The employment certificate can be in brief or extended form. A brief employment certificate contains only the information regarding your work tasks and the duration of the employment relationship. A comprehensive employment certificate contains the aforementioned information as well as the reason for the termination of the employment relationship and an assessment of the employee’s work skills and conduct.
If desired, the employee may request that the employer only include either the reason for termination or the testimonial on the extended certificate of employment. An extended certificate will only be issued upon the specific request of the employee. The employer is not entitled to include information that falls within the scope of an extended certificate on a brief certificate without the request of the employee.
The general rules of employment in Finland depend partly on the law and partly on collective agreements.

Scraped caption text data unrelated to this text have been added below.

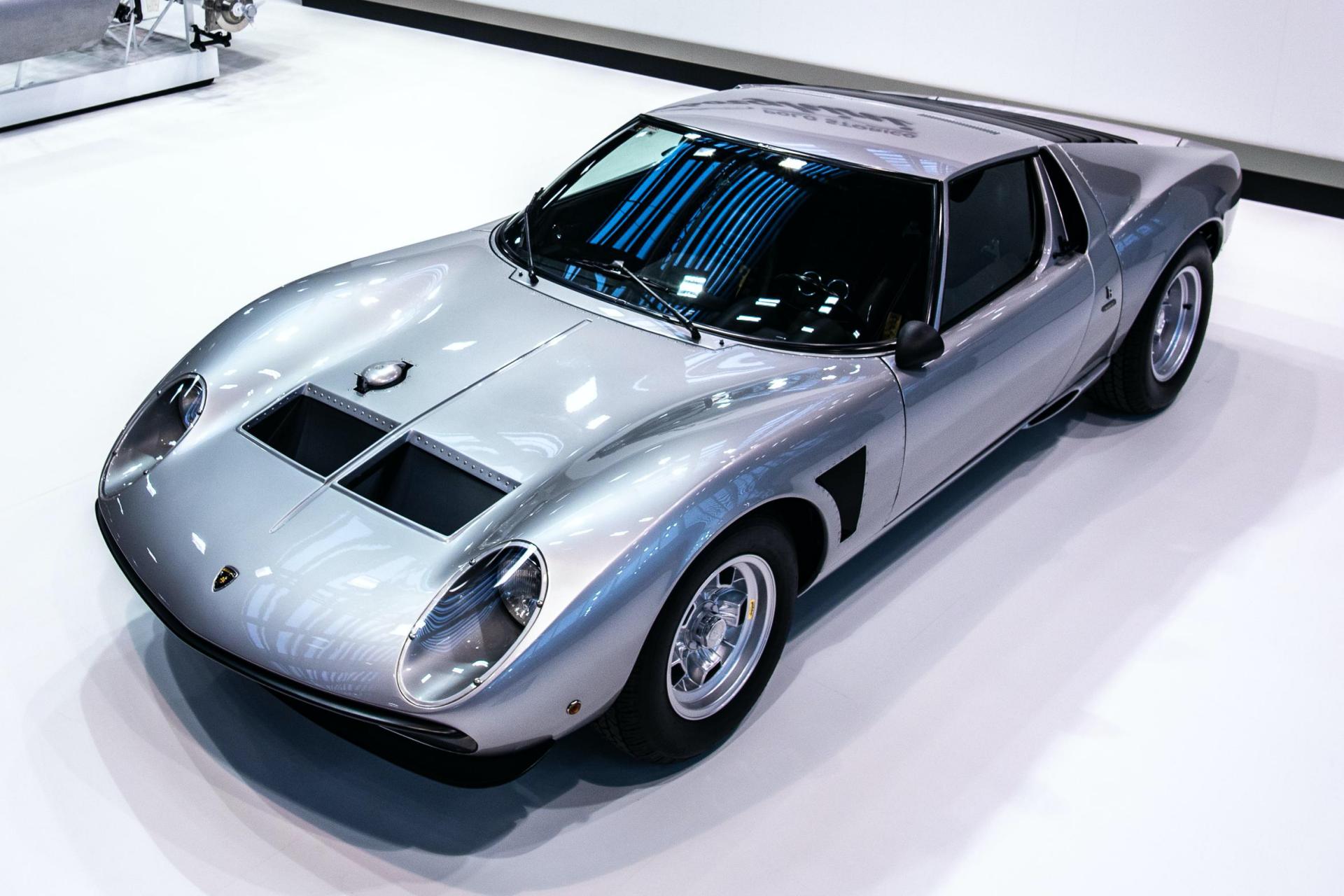 Kembalinya 'Si Anak Hilang', Lamborghini Miura SVJ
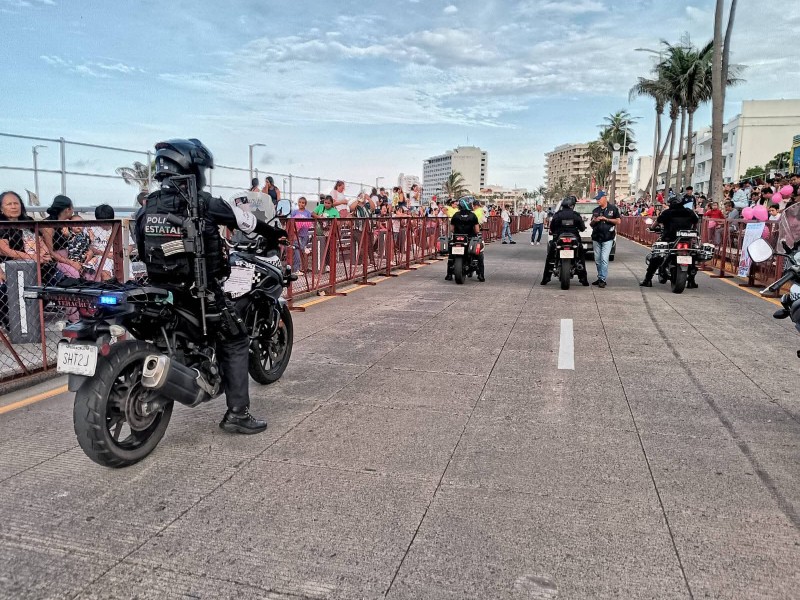 600 elementos de la policía estatal vigilan Carnaval de Veracruz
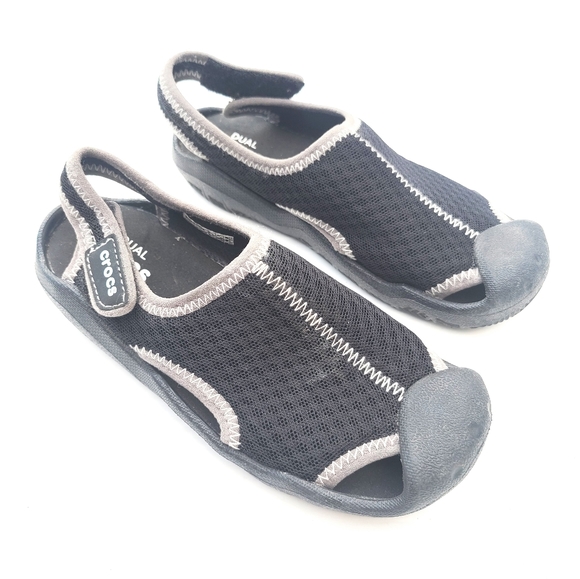 crocs kids water shoes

A collective agreement (often called TES, or tessi) is an agreement between a trade union and an an employers’ federation or an individual employer that establishes enforceable minimum employment conditions in a certain industry. Collective agreements specify such aspects as minimum wages and maximum working time. The collective agreement should not be confused with the individual employment contract made between an employer and an employee.
Individual employment contracts often specify the collective agreement that applies to the work or industry. Ask your employer or the local union shop steward if you don’t know which collective agreement governs your employment. The summer job advisory service can also help you learn more about collective agreements.
Many trade unions publish their collective agreements online.